Moody’s Investors Service (Moody’s) on Friday affirmed a ‘Baa3’ rating on India’s long-term local and foreign-currency sovereign ratings and retained the outlook at ‘stable’. The short-term local currency rating stands at P-3.

The affirmation and stable outlook are driven by Moody’s view that India’s economy is likely to continue to grow rapidly by international standards, although potential growth has come down in the past 7–10 years, the international rating agency said in a statement.

It also flagged that India continues to be weighed down by a high debt burden and weak debt affordability, long-standing features of India’s sovereign rating that Moody’s expects to remain.

India’s fiscal strength remains a key weakness in the sovereign credit profile, balancing high economic strength, it noted. Even as the narrowing fiscal deficit demonstrates the ongoing government’s commitment to longer-term fiscal sustainability, it remains wider than its Baa-rated peers, it added.

Moody’s latest rating action on India came after a meeting that its rating committee had with the Finance Ministry on August 15.

HIGH DEBT BURDEN

Moody’s noted that a lasting upward shift in global and domestic interest rates highlights the risks stemming from a high debt burden and weak debt affordability.

Moody’s expects global and domestic interest rates to remain at their current high levels for the foreseeable future, which precludes a greater improvement in debt affordability despite some indications of greater revenue buoyancy than in the past.

Moody’s said the Baa3 rating and stable outlook also take into account a curtailment of civil society and political dissent, compounded by rising domestic political risk.

Moody’s expects India’s economic growth to outpace all other G20 economies through at least the next two years, driven by domestic demand.

MANUFACTURING SECTOR

Over the longer term, constraints on the economy’s ability to deliver a significant increase in manufacturing and improvements in job creation will limit potential growth, according to Moody’s.
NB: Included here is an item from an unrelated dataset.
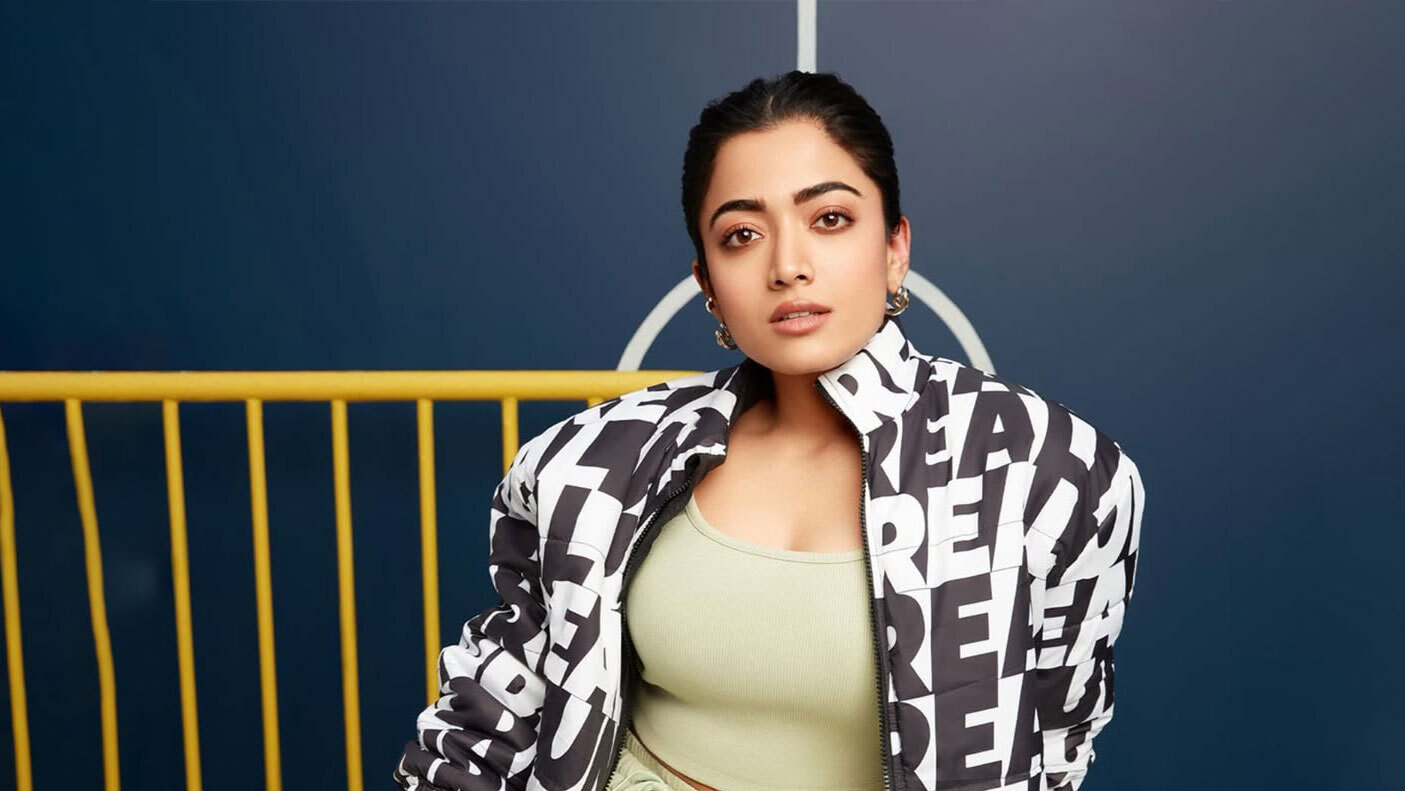 রাশমিকা মান্দানা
Despite some progress in developing the manufacturing sector in recent years, structural weaknesses include trade barriers, protectionist measures, and low education and skill levels for a large part of the population.

POLITICAL TENSION

The curtailment of civil society and political dissent, compounded by rising sectarian tensions, supports a weaker assessment of political risk and the quality of institutions, it said.